先日の誕生日、新宿は歌舞伎町の入り口と、靖国通りを挟んで向かいにある通りを歩いていたら、「誰か、誰かいませんか!?」という声が聞こえた。

 振り向くと、そこには盲目だろう老夫婦が、2人してステッキのような棒をつきながら立ちすくんでいた。2人とも見えないのである。

 聞くと、新宿駅へ行きたいそうで、最初は道だけ教えてみたものの、何故か周乃家に入りそうになるなど、あまりにも危なっかしかったのでエスコートを申し出る。

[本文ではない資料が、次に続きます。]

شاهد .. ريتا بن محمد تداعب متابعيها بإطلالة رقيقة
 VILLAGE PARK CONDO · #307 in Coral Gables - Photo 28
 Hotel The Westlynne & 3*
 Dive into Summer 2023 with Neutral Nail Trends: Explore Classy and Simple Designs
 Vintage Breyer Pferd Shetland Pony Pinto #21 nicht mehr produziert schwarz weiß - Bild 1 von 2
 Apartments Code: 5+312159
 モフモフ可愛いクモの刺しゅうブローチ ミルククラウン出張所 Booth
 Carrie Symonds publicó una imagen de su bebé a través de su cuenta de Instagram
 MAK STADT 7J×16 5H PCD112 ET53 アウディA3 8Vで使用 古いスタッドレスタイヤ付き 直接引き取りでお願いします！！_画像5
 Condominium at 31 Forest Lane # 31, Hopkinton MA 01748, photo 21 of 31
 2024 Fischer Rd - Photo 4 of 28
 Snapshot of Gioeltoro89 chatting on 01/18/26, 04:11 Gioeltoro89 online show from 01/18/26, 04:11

 小田急の改札口まで案内したのだが、道中何を話して良いのかよく分からない。どこから来たのか、いや、どれくらい見えているのかなど聞けそうで聞けない。

 良い事をしたと思う。良い事が帰ってくるかと思った

 が、その日の帰りにサイフを忘れた。

 因果応報はなかった。

 それは良いが(最終的には見つかった)、このような夫婦が2人だけでどこかへ行こうとするという事は、それなりに自分のような助けを借りなくてはならない。という事は、まだまだ日本の人心も捨てたものではないのかもしれない。そもそも、2人で出歩こうと思う事自体、日本の良さだろう。

 しかし、見方を変えれば、2人の近しい人は何をしているのかが問題になってくる。出発地にも、目的地にも誰も知人はいないのだろうか。いたとしたら何故手立てを打たないのか。

 障害者が一人立ちをするというのは誰の助けも借りないという事なのだろうか。本人達が知人の助けを断ったのだろうか。相手の意志を無視しても助けてやる、という事は良くないことなのか。何とも言えない。

 しかし、この後に面接があったらどうしてただろうか。これで遅刻したとして、企業は信じてくれたのか。

 人助けをするのにそんな留保がある社会というのも。